Yeah, that's for en-wikipedia? Something is off then, the count should be a lot closer to ~4.5m. A friend of mine ran it yesterday and had something similar - i think there's some errors being buried somewhere.
i'll try to pick-through it tomorrow. Think it's probably something about connections to mongo timing out, or something like that.
will ping you when i have something. thanks
Thanks for feedback ... yea, Wikipedia stats reports a total of 5,631,118 content pages (https://en.wikipedia.org/wiki/Special:Statistics)
While working through the details for why we are not getting all the pages loaded, I would like to explore how to best leverage the structure that you have implemented for the parsed pages. From the pages that I have revisited, there seems to be some baseline procedures/processes that can provide more NLP oriented statistical summaries (e.g. sentence length, number of sentences per section).
Any feedback/thoughts that you may have, are also of interest.
I agree that could be useful, though I'd make it optional if it has any performance impact at all.
BTW, I was going to try out the Redis option again, but I don't see the instructions for invoking it in the current readme. How do I do it?
It's working so far, but it's still demanding 8 "cores" on a 4-core machine, which makes getting anything else done at that machine very difficult. Is there a way yet to specify the number of cores/threads?
Whoops....It's been running for a couple of hours now, but I just realized it hasn't put a thing in the database--nor has it thrown an error.
OK, here's what happened in my case:
The app started up 7 workers. 6 of those finished, each having processed close to 800,000 articles--that doesn't add up to quite the expected 5.6 million, but it's in the ballpark. However, the 7th worker, which was lagging the whole time, simply froze a bit short of 500,000 articles, and that was all she wrote.
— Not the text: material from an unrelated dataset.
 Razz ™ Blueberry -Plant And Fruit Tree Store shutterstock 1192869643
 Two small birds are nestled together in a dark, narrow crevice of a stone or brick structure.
In addition, as I pointed out above, nothing ever got added to the database; in fact, the database was never even created.
thanks @MTKnife - it didn't write anything to the database?? the logic around database names and collection names has changed, can you double-check that?
show dbs
use whatever
show collections
yeah, about that trailing worker, that sounds familiar. I'm gonna update the mongo lib and and some logging, so we can catch this bad-boy. I think probably the connection is just timing-out and needs to be restarted
@MTKnife did your output look roughly like this?
No, actually, that's another thing...I never got the article titles, and I never got anything else after that, either--just the initial (wrong) detection of number of cores (it detects threads, not cores), followed by page number updates. I never got the "a worker has finished" message, despite the fact that 6 workers finished.
As for the database, my instance never showed anything but "admin" and "local". I can try it again tomorrow to see if a restart does anything, but the server was responding just fine to commands in the terminal window.
It occurs to me that the behavior I saw (workers getting almost but not quite to the expected number of articles, and not seeing any "finished" messages) probably indicates that all 7 workers froze at different points.
updated to latest mondodb drivers and improved the logging, in 3.0.3
. you'll need to npm install
maybe to try it.
I'm about to try it now, as soon as I can get MongoDB upgraded from 3.4 to 3.6.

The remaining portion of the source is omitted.